Ben Goertzel wrote:
hi,

No, the challenge can be posed in a way that refers to an arbitrary agent
A which a constant challenge C accepts as input.
But the problem with saying it this way, is that the "constant challenge"
has to have an infinite memory capacity.

So in a sense, it's an infinite constant ;)
Infinite Turing tapes are a pretty routine assumption in operations like these. I think Hutter's AIXI-tl is supposed to be able to handle constant environments (as opposed to constant challenges, a significant formal difference) that contain infinite Turing tapes. Though maybe that'd violate separability? Come to think of it, the Clone challenge might violate separability as well, since AIXI-tl (and hence its Clone) builds up state.

No, the charm of the physical challenge is exactly that there exists a
physically constant cavern which defeats any AIXI-tl that walks into it,
while being tractable for wandering tl-Corbins.
No, this isn't quite right.

If the cavern is physically constant, then there must be an upper limit to
the t and l for which it can clone AIXItl's.
Hm, this doesn't strike me as a fair qualifier. One, if an AIXItl exists in the physical universe at all, there are probably infinitely powerful processors lying around like sunflower seeds.

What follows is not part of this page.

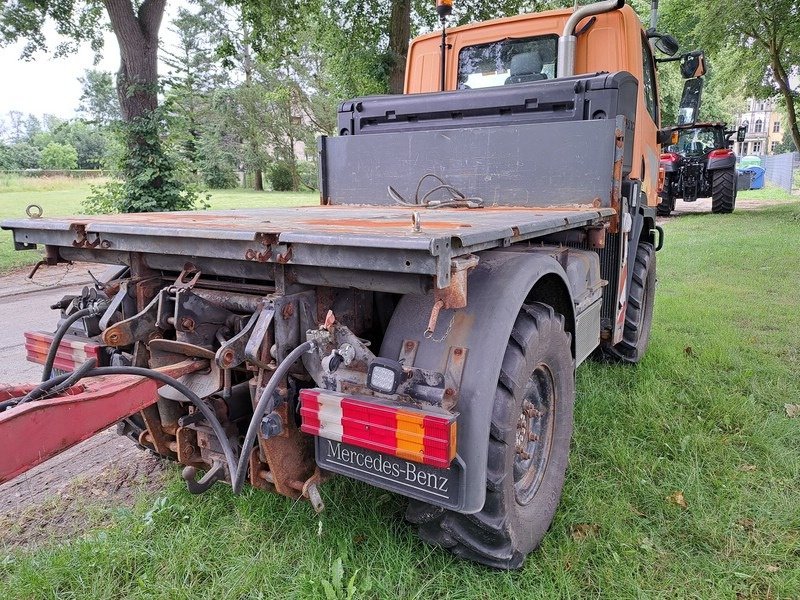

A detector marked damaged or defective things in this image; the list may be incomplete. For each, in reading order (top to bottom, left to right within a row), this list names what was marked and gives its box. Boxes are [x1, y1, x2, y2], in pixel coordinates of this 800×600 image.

rusty metal platform [3, 204, 612, 290]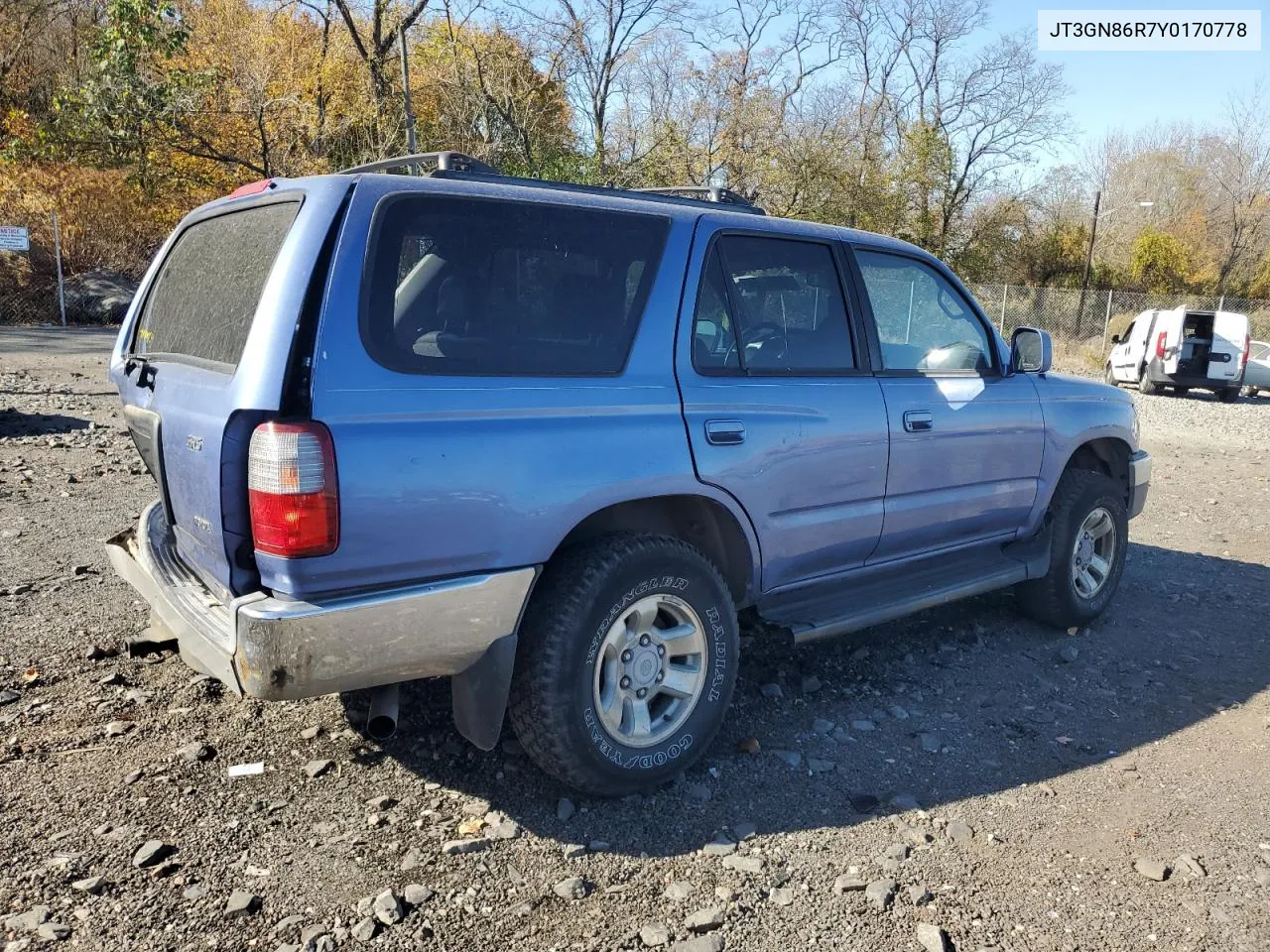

And two, if you apply this same principle to any other physically realized challenge, it means that people could start saying "Oh, well, AIXItl can't handle *this* challenge because there's an upper bound on how much computing power you're allowed to use." If Hutter's theorem is allowed to assume infinite computing power inside the Cartesian theatre, then the magician's castle should be allowed to assume infinite computing power outside the Cartesian theatre. Anyway, a constant cave with an infinite tape seems like a constant challenge to me, and a finite cave that breaks any {AIXI-tl, tl-human} contest up to l=googlebyte also still seems interesting, especially as AIXI-tl is supposed to work for any tl, not just sufficiently high tl.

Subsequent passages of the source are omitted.